• [What is required]
Wherever the word "Green" occurs in the listing, copy the whole line.

• [Data to examine]
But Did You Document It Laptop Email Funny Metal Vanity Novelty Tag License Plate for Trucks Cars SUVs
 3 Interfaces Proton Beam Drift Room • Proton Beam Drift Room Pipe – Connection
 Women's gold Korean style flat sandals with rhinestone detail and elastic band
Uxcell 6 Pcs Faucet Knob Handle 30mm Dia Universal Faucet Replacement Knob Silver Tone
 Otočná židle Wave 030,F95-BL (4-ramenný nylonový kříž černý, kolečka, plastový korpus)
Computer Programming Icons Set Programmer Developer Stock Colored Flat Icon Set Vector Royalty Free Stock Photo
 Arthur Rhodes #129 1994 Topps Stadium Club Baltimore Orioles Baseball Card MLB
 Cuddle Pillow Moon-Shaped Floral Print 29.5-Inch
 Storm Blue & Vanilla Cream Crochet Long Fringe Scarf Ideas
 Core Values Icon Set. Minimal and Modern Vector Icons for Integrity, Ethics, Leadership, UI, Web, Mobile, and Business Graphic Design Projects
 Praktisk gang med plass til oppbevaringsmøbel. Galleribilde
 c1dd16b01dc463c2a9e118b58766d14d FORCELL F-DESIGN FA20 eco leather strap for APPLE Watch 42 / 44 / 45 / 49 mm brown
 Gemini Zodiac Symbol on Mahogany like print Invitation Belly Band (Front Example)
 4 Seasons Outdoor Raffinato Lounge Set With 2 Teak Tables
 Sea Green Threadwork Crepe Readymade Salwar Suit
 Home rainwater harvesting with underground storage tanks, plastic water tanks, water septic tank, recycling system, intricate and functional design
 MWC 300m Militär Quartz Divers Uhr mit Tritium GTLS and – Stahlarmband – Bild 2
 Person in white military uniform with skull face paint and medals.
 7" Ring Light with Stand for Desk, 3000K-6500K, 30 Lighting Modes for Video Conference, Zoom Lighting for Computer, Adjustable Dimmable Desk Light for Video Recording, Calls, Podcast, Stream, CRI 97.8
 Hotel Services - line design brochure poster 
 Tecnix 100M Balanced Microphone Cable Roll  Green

• [Result of this exercise]
 Sea Green Threadwork Crepe Readymade Salwar Suit
 Tecnix 100M Balanced Microphone Cable Roll  Green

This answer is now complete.